I had noticed a bird soaring over fields behind us so dived indoors for my binoculars to get a better look. With the naked eye, at range, Marsh Harrier was considered but through the glass only a juv Lesser black back could be found. As I scanned a bit further, a small flock of birds high to the West in direct flight caught my attention as they flew North. The formation was a straight line of 4 with a single higher up. Usually these type of sightings here are of Golden Plover or maybe Oystercatchers so I wasn't really concentrating.
That is, until it dawned on me what I was watching. All 5 birds had long bills and legs and best of all, white wing bars translucently back lit! They were Black tailed Godwits! What a superb garden tick. Black tails are a rare bird on my patch, we have no marshes or muddy areas so all sightings are of birds passing by. When I say 'all sightings' I mean the one in 2012 and in 2020 that both involved small parties in spring on seawatches.
Those 5 beauties take my from the garden list seen or heard to 141 species. I wonder what we miss when we are not so lucky?
Also on Tuesday a Raven flew over the garden calling quietly as it went.
Wednesday followed in a similar vein when, at Peggy's lunchtime walk a Willow Tit was calling loudly along the lane. Almost annual in a wider patch context they are not so regular in our village with most local sightings coming from Craster or Boulmer.
Now to Thursday. A large high pressure over the north Atlantic was providing a flow of air from south of Newfoundland, past southern Iceland and over the top of Scotland giving a brisk northerly down the Norwegian coast into the North Sea. Conditions that would surely give us a few seabirds passing. This merited a two seawatch day.
Seawatch 1. Cullernose Point 6am - 7.30am
Slower than expected.
Sooty Shearwater 8N
Manx Shearwater 1N
Arctic Skua 1N 1 S
Common Scoter 4N
Red breasted Merganser 2S
Roseate Tern 4
Arctic Tern 1
Sandwich Tern 3
Then it was time to get to work wondering if things would pick up later. I'm pleased to say it did but not by much.

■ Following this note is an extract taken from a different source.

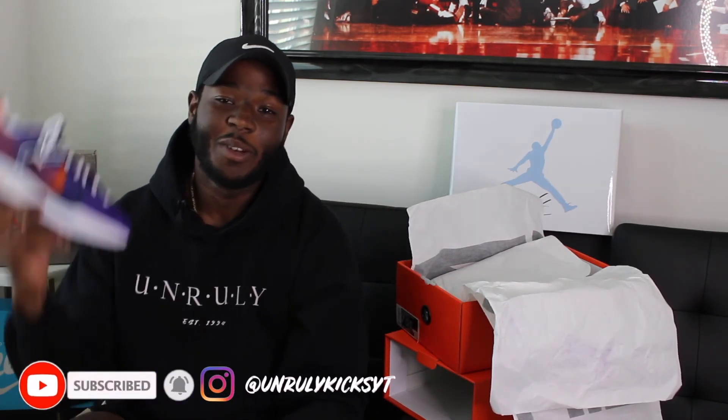Alright guys, we are at the end of today's video. I hope you guys enjoyed today's video. I brought to you the Nike Vaporwaffle Sakais in the Dark Iris colorway. If you did enjoy watching this video, go ahead and give it a thumbs up, comment under this video, and subscribe to my channel Unruly Kicks. I'm out.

Seawatch 2. 3.45pm - 6.15pm Rounding the wave watching to a nice 4 hours.
Sooty Shearwater 33N
Manx Shearwater 19N
Skua sp ( down as Arctic but it was a Long tailed on hindsight. Dropped a bollock there) A dark juv was very small directly alongside a Manx it was around the same size. It then almost collided with a huge Bonxie lifting off the sea making it look like a tern it was so slim. At one stage a Sooty flushed by the Bonxie that was being agitated by the Long tail all in one scope view as a Manx went past.
Wigeon 2N first of autumn.
Bar tailed Godwit 1 sum plum N
Whimbrel 1 N
Grey Plover 2 sum plum N
Purple Sandpiper 1N
Roseate Tern 1ad 1 juv
Sandwich, Common and Arctic Terns lingering.
Red throated Diver 1S
A small group of 3 Bottle nosed Dolphins lingered off the point.
Not too bad, but no cigar. maybe over the Bank Holiday weekend? Still, mustn't grumble, its been a reasonable week around the home tetrad.